2

Hello i've been trying to call a python user-defined callback from c++ using cython for a while. But it looks like it's impossible without changes on the c++ side or a static function buffer. So, is there only one option for binding a propper callback (ctypes with CFUNCTYPE)?

Cython 0.29.23

A.hpp:

typedef void (*Callback) ();

class A{
    Callback callback;
public:
    A(){
       this->callback = nullptr;
    }

    void set_callback(Callback callback){
        this->callback = callback;
    }

    void call_callback(){
        this->callback();
    }
};

A.pxd:

cdef extern from "A.hpp":
    ctypedef void (*Callback) ()
    cdef cppclass A:
        A() except +

        void set_callback(Callback callback)

        void call_callback()

B.pyx

from A cimport A, Callback

cdef class B:
    cdef A *c_self
    cdef object callback

    def __cinit__(self):
        self.c_self = new A()

    def __dealloc__(self):
        del self.c_self

    cdef void callback_func(self) with gil:
        print("I'm here")
        self.callback()

    def set_callback(self, callback):
        self.callback = callback
        self.c_self.set_callback(<Callback>self.callback_func)

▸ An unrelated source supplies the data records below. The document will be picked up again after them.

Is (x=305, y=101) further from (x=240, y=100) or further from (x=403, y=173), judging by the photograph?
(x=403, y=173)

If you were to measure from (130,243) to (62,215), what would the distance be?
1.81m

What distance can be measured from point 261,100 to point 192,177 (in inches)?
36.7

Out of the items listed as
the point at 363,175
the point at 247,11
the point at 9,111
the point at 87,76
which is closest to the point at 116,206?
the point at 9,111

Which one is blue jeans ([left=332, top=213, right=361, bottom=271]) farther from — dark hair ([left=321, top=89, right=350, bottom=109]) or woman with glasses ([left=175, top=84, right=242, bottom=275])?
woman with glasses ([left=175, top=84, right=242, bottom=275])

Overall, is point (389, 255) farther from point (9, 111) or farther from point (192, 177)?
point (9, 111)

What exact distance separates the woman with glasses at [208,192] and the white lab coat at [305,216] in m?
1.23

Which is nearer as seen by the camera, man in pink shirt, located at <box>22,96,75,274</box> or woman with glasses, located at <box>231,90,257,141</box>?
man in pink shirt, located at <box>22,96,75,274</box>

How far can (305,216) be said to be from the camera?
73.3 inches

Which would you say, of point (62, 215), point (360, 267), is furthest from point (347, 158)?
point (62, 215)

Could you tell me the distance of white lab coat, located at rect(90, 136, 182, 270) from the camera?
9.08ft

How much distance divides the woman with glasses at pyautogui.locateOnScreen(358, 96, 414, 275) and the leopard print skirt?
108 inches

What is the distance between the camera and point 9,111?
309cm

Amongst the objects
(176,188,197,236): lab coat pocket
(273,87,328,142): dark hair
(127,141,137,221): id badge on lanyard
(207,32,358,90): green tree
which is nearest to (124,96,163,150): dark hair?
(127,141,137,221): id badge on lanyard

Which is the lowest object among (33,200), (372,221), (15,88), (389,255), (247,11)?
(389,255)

    def call_callback(self):
        self.c_self.call_callback()


def print_():
    print("hello")

b = B()
b.set_callback(print)
b.call_callback()

Output:

I'm here
[segmentation fault]

Looks like ctypes: get the actual address of a c function is a good one work-around, but it uses ctypes. It scares me, but works:

B.pyx

from A cimport A, Callback
import ctypes
from libc.stdint cimport uintptr_t

cdef class B:
    cdef A *c_self
    cdef object callback

    def __cinit__(self):
        self.c_self = new A()

    def __dealloc__(self):
        del self.c_self

    def set_callback(self, callback):
        f = ctypes.CFUNCTYPE(None)(callback)
        self.callback = f
        cdef Callback c_callback = (<Callback*><uintptr_t>ctypes.addressof(f))[0]
        self.c_self.set_callback(c_callback)

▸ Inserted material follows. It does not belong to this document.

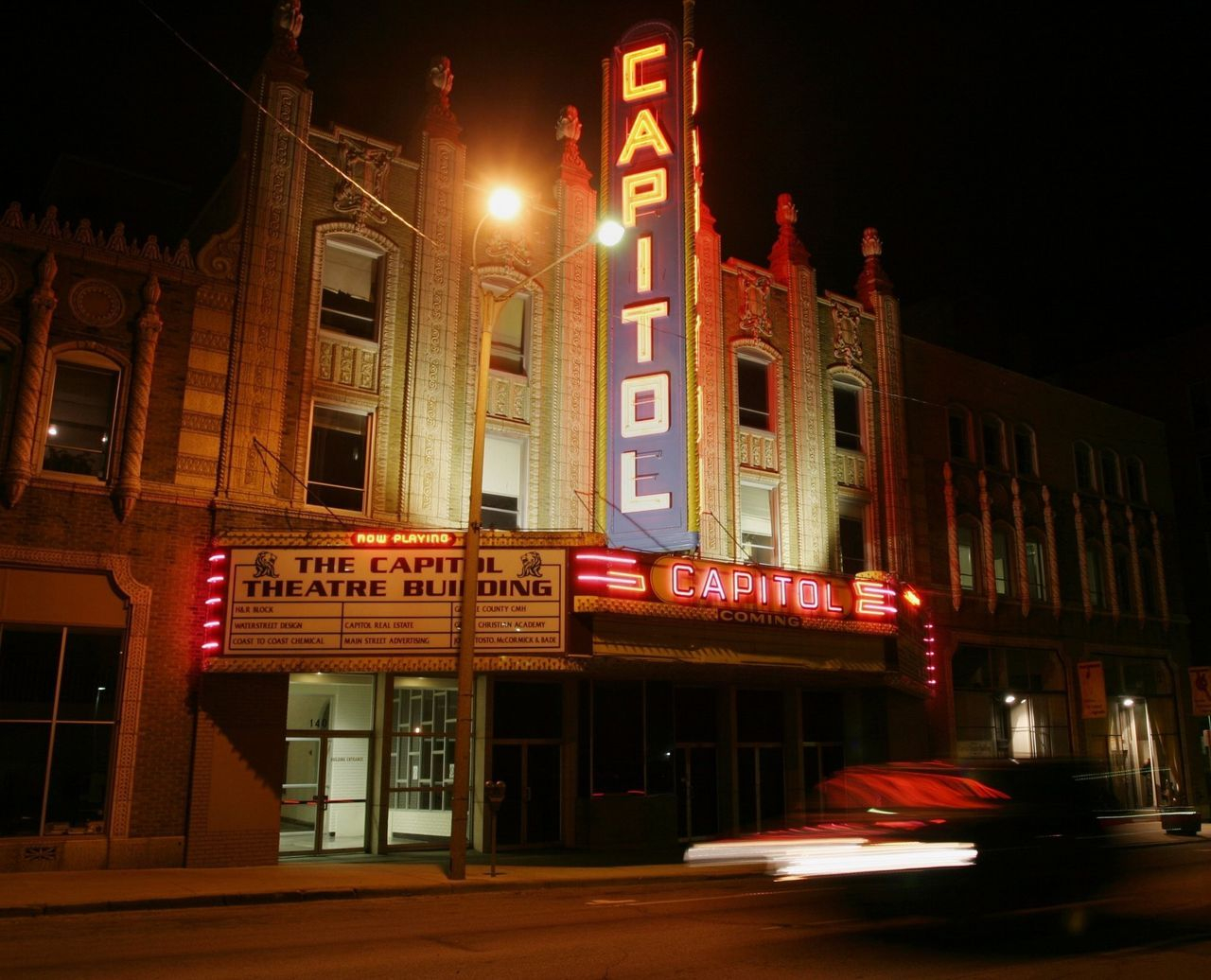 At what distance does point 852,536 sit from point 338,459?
45.5 ft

    def call_callback(self):
        self.c_self.call_callback()


def hello():
    print("hello")

b = B()
b.set_callback(hello)
b.call_callback()
  • 1
    Please provide a [mcve] showing the code you are having trouble with. – Remy Lebeau Jul 09 '21 at 19:23
  • @RemyLebeau I don't think this requires an [mre] because it isn't a debugging problem. It could possibly do with a little more detail but I don't think it's necessary or helpful to be "complete" – DavidW Jul 09 '21 at 20:24
  • We need to see the OP's code to rule out any possible mistakes being made in it. – Remy Lebeau Jul 09 '21 at 21:02

1 Answers1

0

A function pointer does not have any space to store extra information. Therefore it is not possible to convert a Python callable to a function pointer in pure C. Similarly a cdef function of a cdef class must store the address of the instance to be usable and that is impossible too.

You have three options:

  1. Use ctypes as in https://stackoverflow.com/a/34900829/4657412 (the bottom half of the answer shows how to do it). ctypes accomplishes this with runtime code generation (and thus only works on processors that it explicitly supports).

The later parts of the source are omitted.